В собственном доме, да хоть  10 видеокамер поставь. Другое дело если пригласить домой подругу, скрытно снять любовные страсти и потом разместить в сети или шантажировать ее обещая показать снимки мужу  :Smiley:  Это будет уже другой "расклад".  :385:

----------


## Зайцев Олег

> А как насчет скрытой установки набирающих популярность IP-камер для наблюдения за моим жилищем? Скажем, поставил я эту камеру скрытно у себя дома, и осуществляю запись/наблюдение. Вот в мой дом залез грабитель, я вызвал милицию, предоставил видеозапись и формально нарушил закон и могу сесть? с формальной точки зрения так получается? интересненькая ситуация складывается...


Существуют моменты: 
- если дома камеры стоят открыто, то ничего страшного никогда не будет (т.е. видно, что в помещении есть видеокамера наблюдения - IP камеры большинство такие и есть)
- если камеры стоят скрыто, но где-то висит табличка "внимание, ведется скрытое видеонаблюдение" - то аналогично, претензии не принимаются. если этого нет, то в случае с грабителем сойдет, а в случае с няней/прислугой и т.п. - уже ущемление их прав (они должны точно знать, что за ними ведется наблюдение). Именно по этой причине в магазинах вешают такие таблички - соблюдают закон (причем нередко табличка есть, а камер нет  :Smiley:  )
- для борьбы с преступностью нужна не камера и доказательства де-факто после кражи, а вневедомственная или ЧОП (тревожная кнопка, сигнализация) ... особенно ческо тут работают крупные ЧОП-ы - они обычно материально ответственны, потому являются моментально,  и сначала всех положат под дулом автомата, а потом будут разбираться, у кого какие права и кто за что отвечает  :Smiley:

----------


## anton_dr

> а в случае с няней/прислугой и т.п. - уже ущемление их прав (они должны точно знать, что за ними ведется наблюдение)

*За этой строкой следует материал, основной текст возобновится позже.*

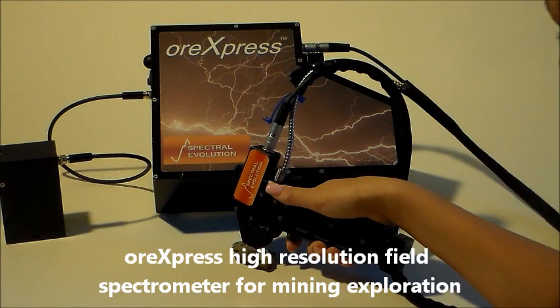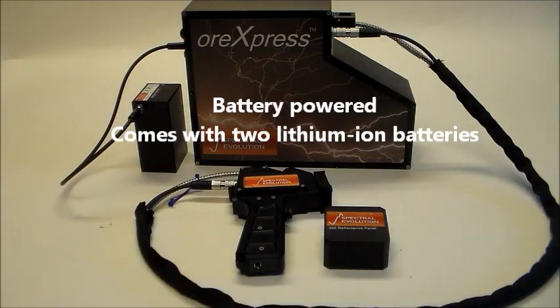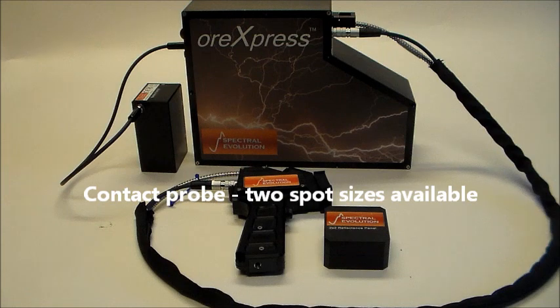The ORExpress is a high-resolution field portable spectrometer for mineral identification and analysis during exploration. It is powered by two lithium-ion batteries for field use. To scan samples in the field, the ORExpress offers two contact probes with different spot sizes: 10 mm and 3 mm.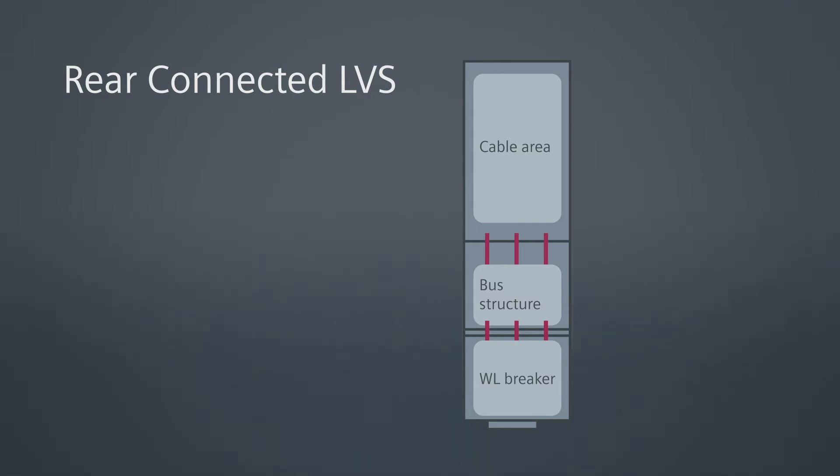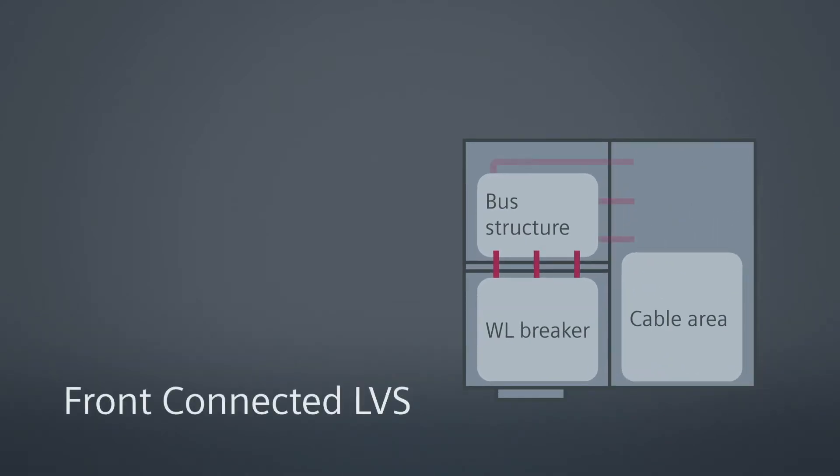How does the front connected low voltage switchgear differ from rear connected low voltage switchgear? It's similar in that it's built to the same standards, uses the same breakers, the same devices, built to the same robust specifications, same UL, ANSI, and IEEE standards. The difference is that with the front connected low voltage switchgear, all the customer connections are in the front of the equipment versus in the rear. Basically, we took the rear connected and flipped that customer connection around to the front, so it's a little wider but not as deep.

Редко кто читает договор. В нём можно приписать одним из пунктов меленько  :Smiley:

----------


## ScratchyClaws

а если у нас в офисе внезапно повесили камеры (относительно незаметные), но никого об этом не предупредили, это получается тоже нарушение закона?  :Smiley:

----------


## Зайцев Олег

> а если у нас в офисе внезапно повесили камеры (относительно незаметные), но никого об этом не предупредили, это получается тоже нарушение закона?


Все зависит от того, где их повесили ... если в рабочих кабинетах - то в принципе нарушение. Если в коридорах, вокруг здания, на лестницах - то нормально. Но в общем то по хорошему все сотрудники должны ознакомиться и расписаться в некоем "положении о пропускном режиме", где оговорен порядок контроля за перемещением персонала

----------


## Alex_Goodwin

> Именно по этой причине в магазинах вешают такие таблички - соблюдают закон


Когда таблички нет, а вора поймали, то это кража, а когда табличка есть, то преступник заранее знает, что его видят, то это грабеж. Санкция разная + для грабежа нет минимальной суммы похищенного.

----------


## Зайцев Олег

> ... а когда табличка есть, то преступник заранее знает, что его видят, то это грабеж...


Это при условии, что в суде удастся доказать, что преступник видел табличку, причитал ее и понял суть там написанного  :Smiley:

----------


## Макcим

Ну да, мы же в России...

----------